Si pareille preuve était faite, la Régie pourrait alors convoquer le propriétaire du bar en vertu de l'article 24.1 e) de la Loi sur les permis d'alcool. «Pour l'exercice de ses fonctions et pouvoirs mettant en cause la tranquillité publique, la Régie peut tenir compte notamment des jeux de hasard, gageures ou paris de nature à troubler la paix.»
À ce jour, l'organisme n'a jamais eu de cas semblable. «Ça pourrait entacher le dossier d'un établissement. Cependant, ça ne serait pas suffisant pour le faire fermer», précise l'avocate.
Le Soleil a demandé au ministère de la Sécurité publique, dont relève la Régie, de se prononcer sur la légalité des activités de poker dans les bars. Pour seule réponse, un bref courriel. «Sachez que les prohibitions en matière de jeu relèvent de la partie VII du Code criminel. On ne peut pas se prononcer sur la légalité des tournois de poker, puisque chaque cas est un cas d'espèce et qui doit être apprécié à son mérite. Les corps policiers ont compétence pour appliquer le Code criminel et interviennent lorsque la situation l'exige. Il n'y aura pas d'entrevue sur le sujet», a écrit un porte-parole, David Vallières.
Le poker charitable
De plus en plus d'organismes à but non lucratif utilisent les tournois de poker comme source de financement. Difficile d'être contre la vertu!
Man To Man Poker est née de la passion de joueurs de poker de Rimouski dans le Bas-Saint-Laurent. Francis Massé est l'un d'eux.
«Nous avons mûri notre projet avant de le présenter.
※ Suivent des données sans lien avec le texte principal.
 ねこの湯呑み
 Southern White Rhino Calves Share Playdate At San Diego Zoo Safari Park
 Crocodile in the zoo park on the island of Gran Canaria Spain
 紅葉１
Nous nous sommes informés, et la police elle-même nous confirme qu'il n'y a aucune loi qui empêche la tenue d'un tournoi de poker pour des oeuvres caritatives», raconte le jeune homme au bout du fil.
Son principal bénéficiaire est l'Association du cancer de l'Est du Québec. «Ce sont eux qui nous ont approchés. C'est une source de revenus additionnels pour nous, puisque les dons représentent 71 % de notre budget. On ne freine pas ce genre d'élan de générosité», explique Sylvie Renaud, responsable des communications pour l'organisme.
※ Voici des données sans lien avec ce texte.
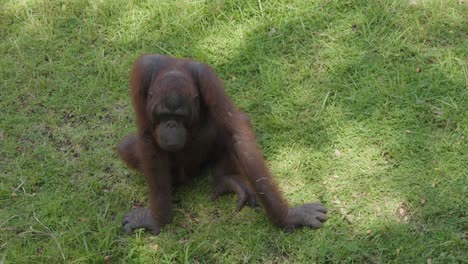 male adult orangutan sitting on the grass under the shade of a tree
Si aucune loi n'interdit la tenue de tournois au profit d'oeuvres caritatives, il faut quand même dire que seule la Régie des alcools, des courses et des jeux du Québec peut délivrer un permis pour la tenue d'une collecte de fonds impliquant un jeu d'argent. Et il n'existe aucun permis pour le poker.
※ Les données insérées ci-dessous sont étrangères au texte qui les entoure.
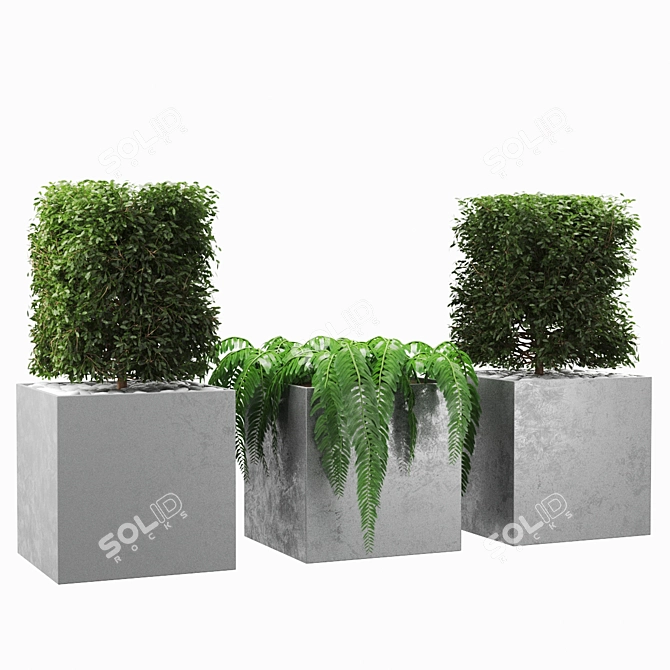 Botanical Beauty: 648k Polygon Plant 3D model image 5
Il faut aussi dire que le problème d'un gain non autorisé s'impose même dans cette situation. En 2011, Man To Man Poker dit avoir remis 2500 $ à l'Association du cancer. En réalité, c'est 1250 $, puisqu'une entreprise privée a doublé la mise. Pendant cette même année 2011, les tournois ont généré quelque 12 000 $ en bourses aux charitables participants.